Komisi Percepatan Reformasi Polri (KPRP) mengungkap argumen mereka batal mengusulkan wacana penempatan Polri di bawah kementerian saat menyerahkan rekomendasi hasil kajian ke Presiden Prabowo Subianto, Selasa (5/5).

Anggota Komisi Reformasi, Mahfud MD mengakui bahwa wacana itu sempat menjadi obrolan panas di internal Komisi. Namun, pihaknya sepakat untuk membatalkan usulan tersebut saat berjumpa Presiden.

ADVERTISEMENT

SCROLL TO CONTINUE WITH CONTENT

"Komisi Reformasi berdebat lama, masyarakat juga menyampaikan masukan, lampau didiskusikan, pada kesimpulannya kita tidak memasukkan itu sebagai usul," kata Mahfud dalam bertemu pers di area Dharmawangsa, Jakarta, Rabu (6/5).

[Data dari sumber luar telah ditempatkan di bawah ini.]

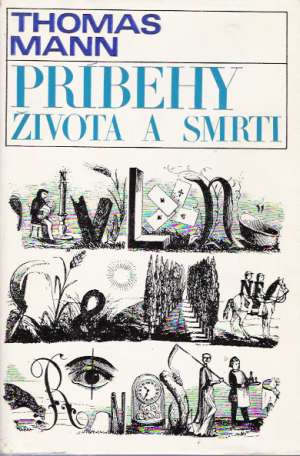 Príbehy života a smrti - Mann Thomas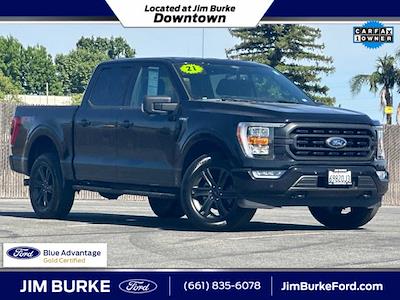 2021 Ford F-150 SuperCrew Cab 4WD, Pickup for sale #T27712 - photo 1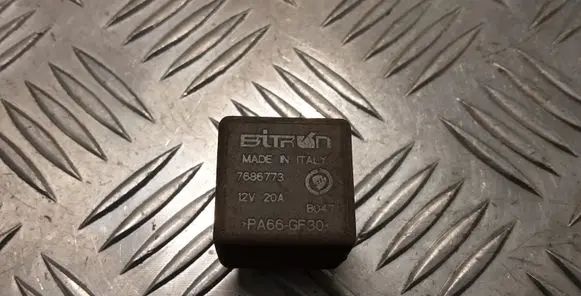 Fiat Ducato Other relay 7686773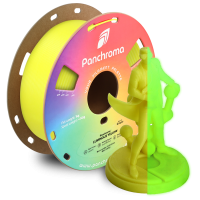 Panchroma PLA Luminous Yellow 1.75 1000gr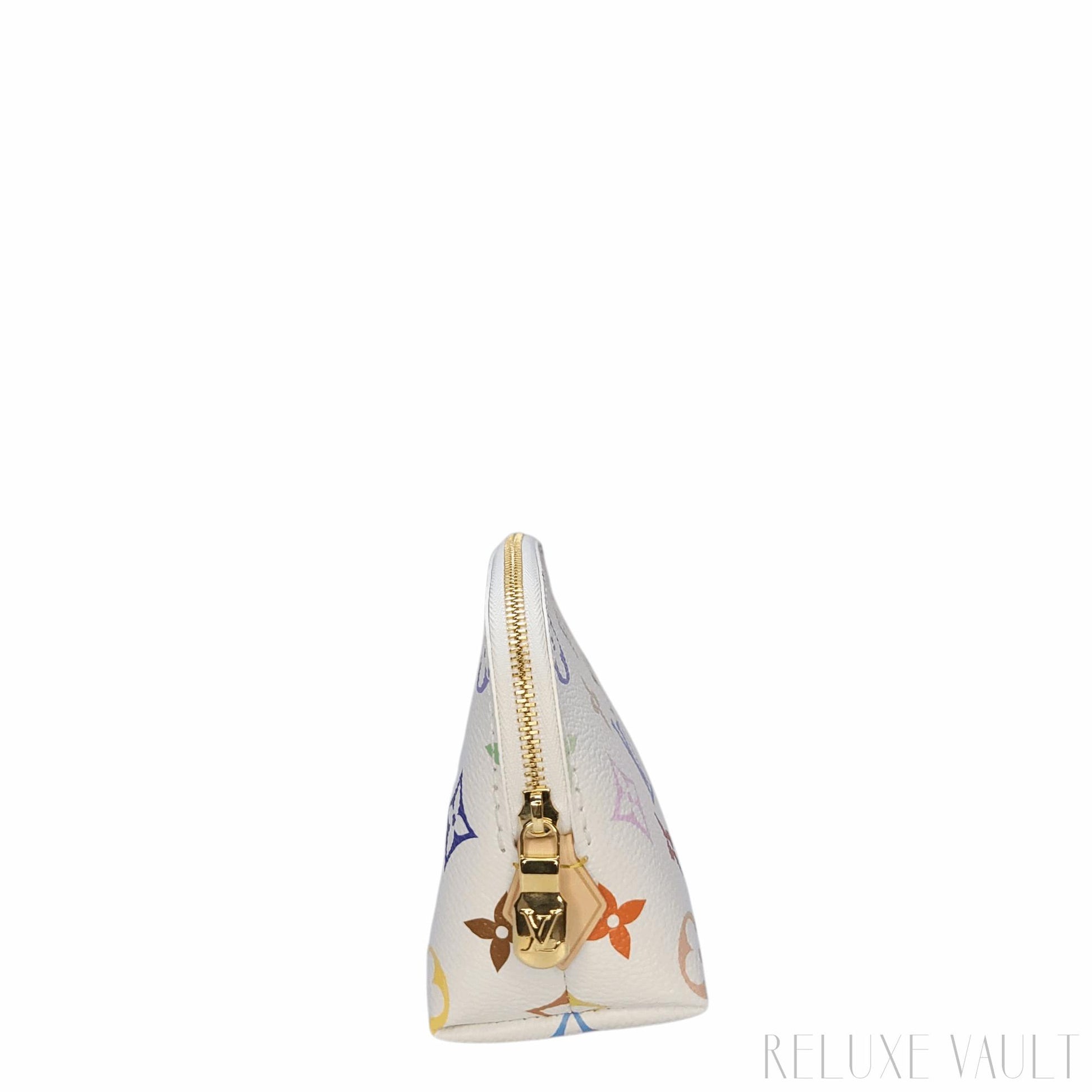 2025 Louis Vuitton x Takashi Murakami Cosmetic Pouch PM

Mahfud berdasar wacana penempatan Polri di bawah Presiden dinilai terlalu bernuansa politis. Pihaknya menganggap posisi Polri langsung di bawah Presiden, seperti saat ini, merupakan produk reformasi dan dianggap telah ideal.

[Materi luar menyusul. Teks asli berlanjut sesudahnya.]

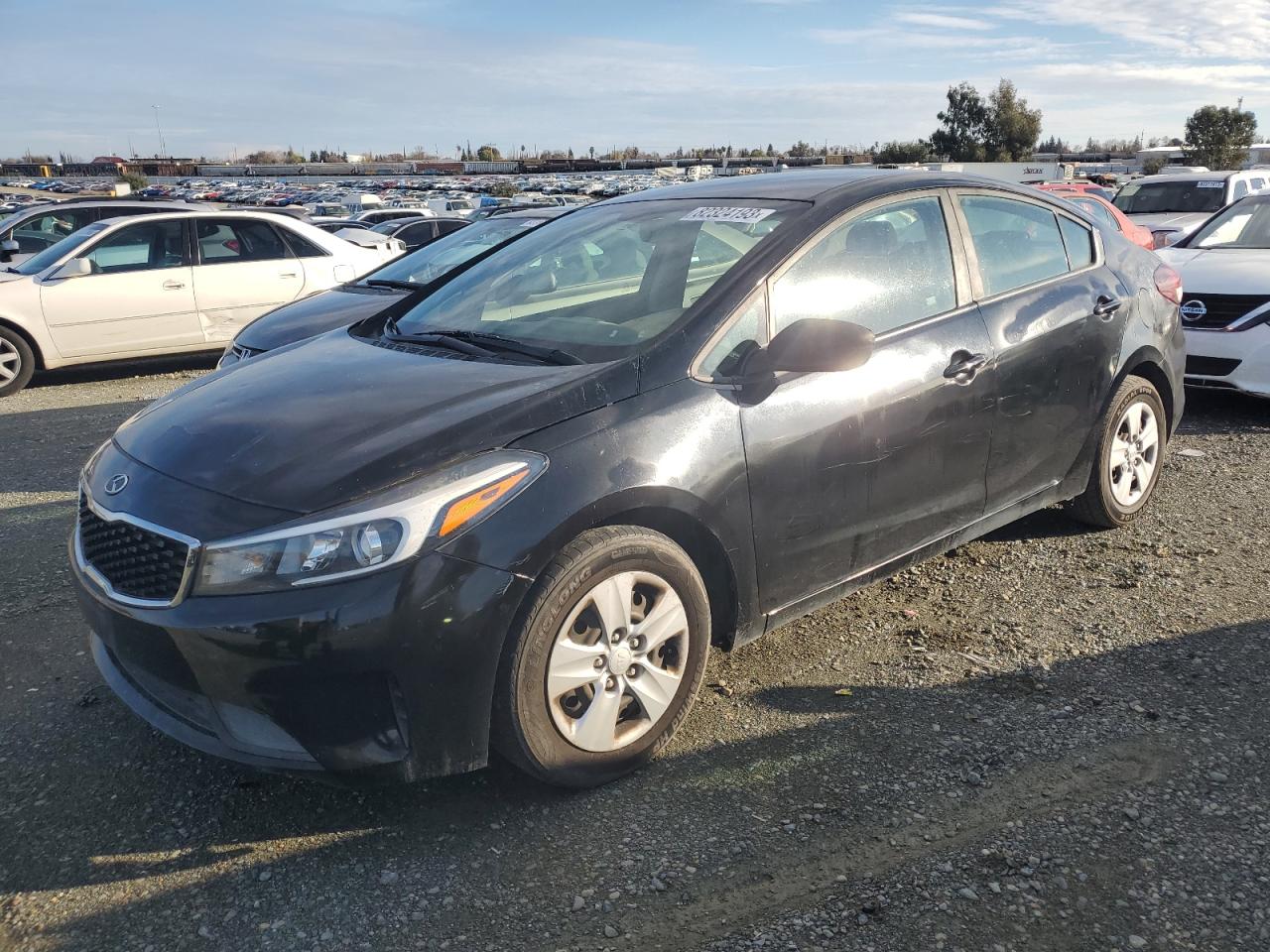 Obraz 2017 KIA FORTE LX 2017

"Karena kita menganggap Polri langsung ke Presiden itu secara politis, satu, itu produk reformasi dulu nan sudah didiskusikan biar kita enggak bolak kembali lagi," katanya.

Usai berjumpa Presiden, Komisi Reformasi sebelumnya mengungkap bahwa wacana penempatan Polri di bawah kementerian juga telah ditolak Presiden.

Anggota Komisi Reformasi sekaligus Menko Kumham Imipas, Yusril Ihza Mahendra menegaskan bahwa Presiden menolak usul pembentukan kementerian keamanan alias kementerian kepolisian.

"Hal lain juga nan krusial adalah bahwa mengenai kedudukan Polri, tetap seperti sekarang. Polri langsung berada di bawah presiden, dan tidak dibentuk kementerian keamanan alias kementerian kepolisian alias meletakkan kepolisian di bawah kementerian nan ada sekarang," kata Yusril.

Total ada enam poin rekomendasi dalam reformasi Polri nan diusulkan Komisi.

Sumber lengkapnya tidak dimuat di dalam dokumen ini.